Two electrostatic point charges of +60.0 μC and +57.0 μC exert a repulsive force on each other of 161 N.
What is the distance between the two charges? The value of the Coulomb constant is 8.98755 × 109 N · m2/C2.
Answer in units of m.
To find the distance between the two charges, we can use Coulomb's Law, which states that the force between two charged objects is directly proportional to the product of their charges and inversely proportional to the square of the distance between them.

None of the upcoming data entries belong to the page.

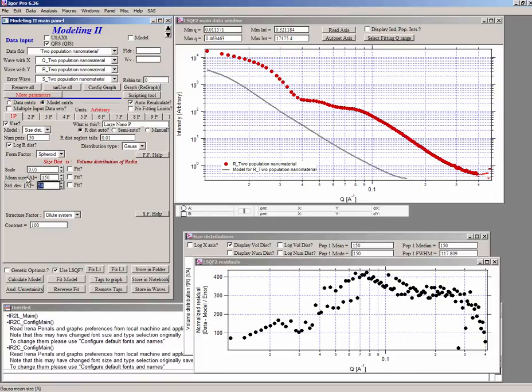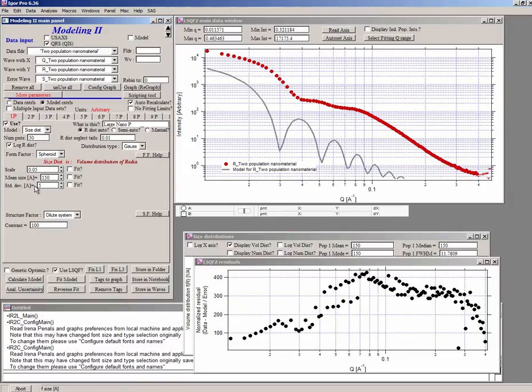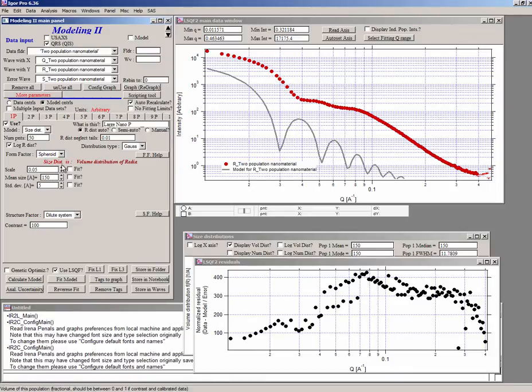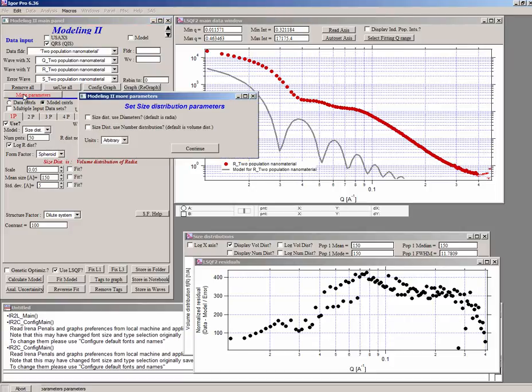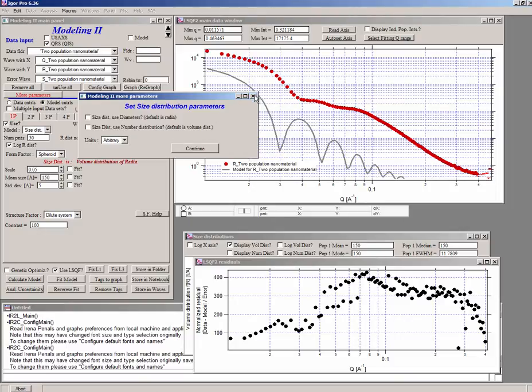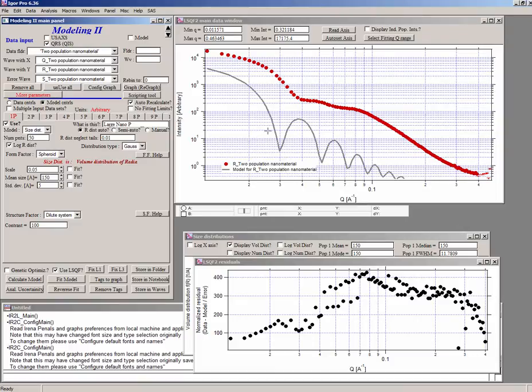What we have for Gaussian, we have a mean and we have a full width at half max or standard deviation. Those are similar parameters. They're linked together. So let me make the population relatively narrow. I'm going to make it 5. And what you see is if this was a 150 angstrom particle. And notice we are modeling volume distribution of radii. So this mean size now is a radius. You can change those things in more parameters. You can model diameters and you can model number distribution. In our case, it doesn't matter. But it's important to know what you are doing and think about that correctly.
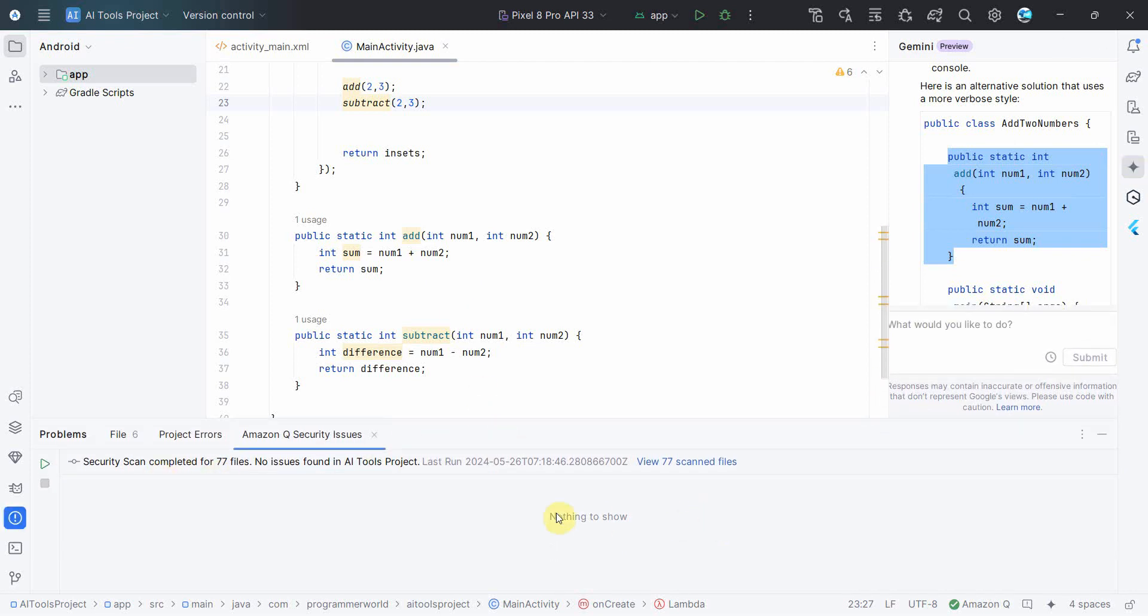So that's all. I hope this video is useful. Okay, one more thing I want to show: that scan is complete below. It says nothing to show. It scanned 77 files which are part of my projects. And yeah, but if it's a complex project and all, definitely will show you the details of your code.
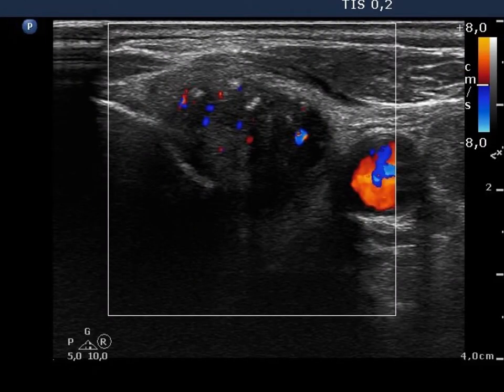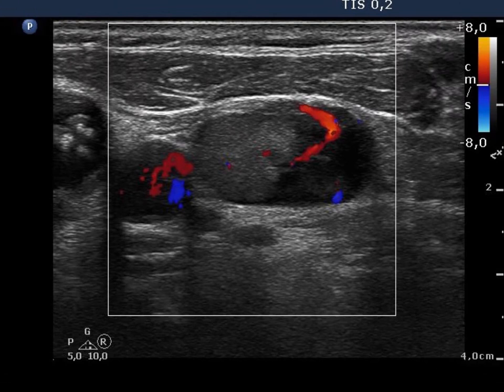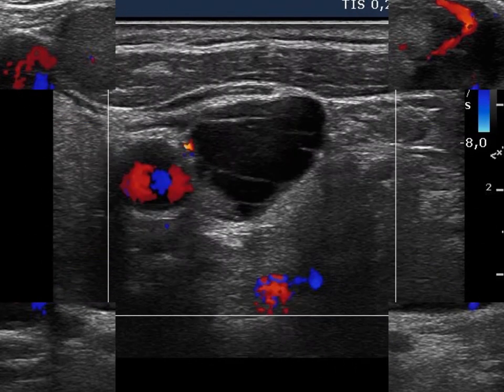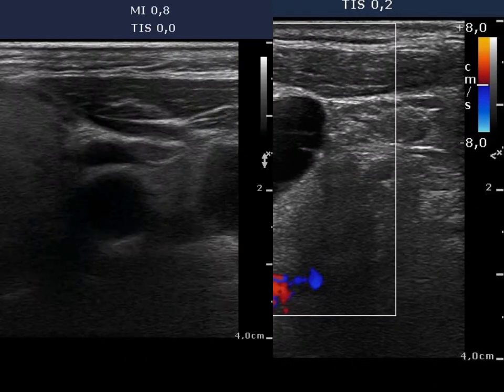The thyroid nodule and one lymph node present an intralesional vascular pattern, while another node displays no vascularization.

We can use the formula:
F = k * (|q1| * |q2|) / r^2
Where:
F is the force between the charges (given as 161 N)
k is Coulomb's constant (8.98755 × 10^9 N · m^2/C^2)
|q1| and |q2| are the magnitudes of the charges (+60.0 μC and +57.0 μC, respectively)
r is the distance between the charges (what we want to find)
Rearranging the equation to solve for r:
r^2 = k * (|q1| * |q2|) / F
Substituting the given values:
r^2 = (8.98755 × 10^9 N · m^2/C^2) * (60.0 × 10^-6 C) * (57.0 × 10^-6 C) / 161 N
r^2 ≈ 2.5384 × 10^-2 m^2
Taking the square root of both sides:
r ≈ √(2.5384 × 10^-2 m^2)
r ≈ 0.1593 m
Therefore, the distance between the two charges is approximately 0.1593 meters.